The reverse side of this particular type of blowback is the intrinsic weakness, from a strictly practical point of view, of the networks of contract agents who had been compromised by their service to Hitler during the war. As was seen in the case of Heinz Felfe inside the Gehlen Organization, the tight, often cultlike relationships among Nazi veterans actually provided a relatively easy means for Soviet agents to penetrate U.S.-sponsored espionage operations.

Intelligence agencies of both East and West have effectively obstructed prosecution of Nazi criminals on a far broader scale than simply the handful of cases cited above. To put it simply, espionage organizations have long found it more profitable to use the evidence of criminality that has come into their hands as a means of blackmailing or suborning former Nazis (or any other compromised persons) into cooperating with intelligence operations rather than bring such persons to trial in an open forum. In case after case, America's—and the world's—long-term interest in advancing social justice has been subordinated to short-term espionage gains. The full extent of this practice will probably never be known.
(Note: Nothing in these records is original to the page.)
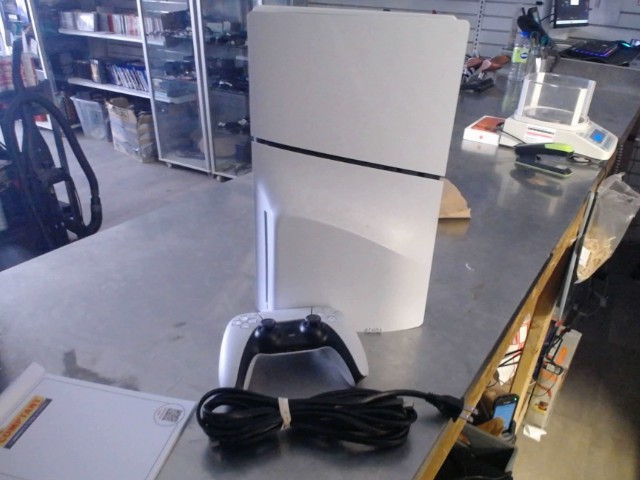 Console ps5 slim edition disque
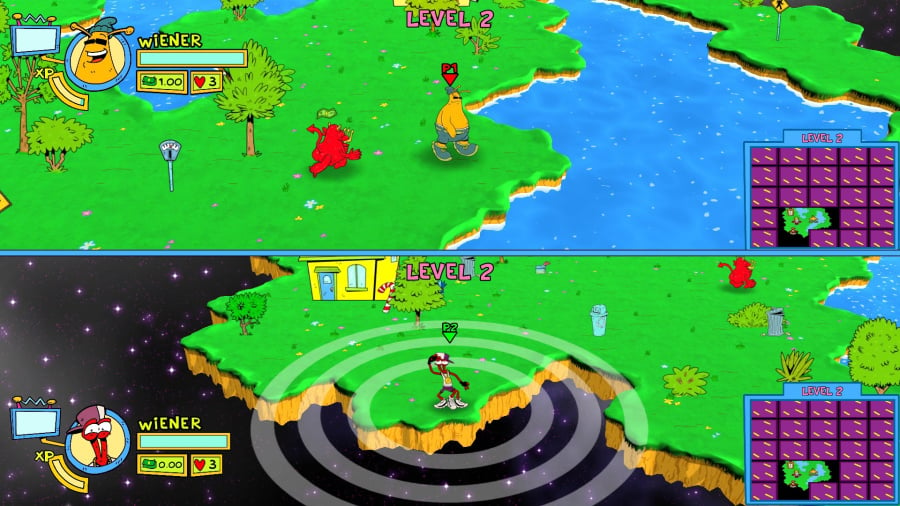 ToeJam & Earl: Back in the Groove Review - Screenshot 2 of 4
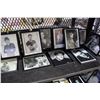 Image 2 : LOT OF ASSORTED MUSIC AND OTHER POP CULTURE PICTURES, SOME AUTOGRAPHED, FRAMED AND UNFRAMED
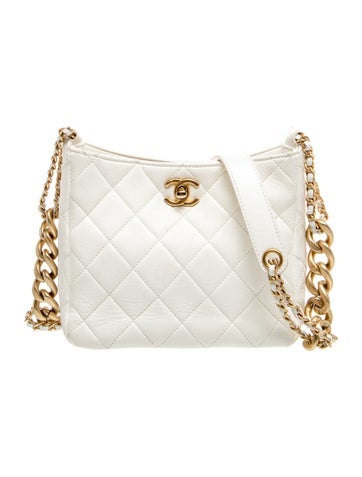 Quilted Chain Hobo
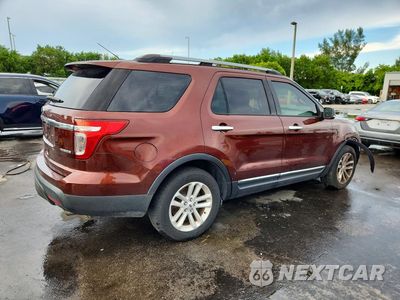 Trzecie zdjęcie samochodu z tyłu: 2015 FORD EXPLORER XLT VIN:1FM5K7D82FGB73331 - miniatura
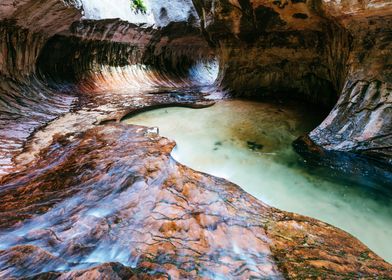 The Subway Zion Canyon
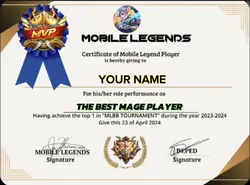 Mage certificate ML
The successful execution of this sort of blackmail, it is important to remember, requires continuing the cover-up of an individual's criminal past, if only to ensure that the espionage agency can come back for another “bite.” But the recent revelations of alleged blackmail of United Nations Secretary-General Kurt Waldheim using charges of wartime crimes against humanity is one more indication that this type of extortion of ex-Nazis for intelligence purposes has reached far more deeply into European life than is generally known.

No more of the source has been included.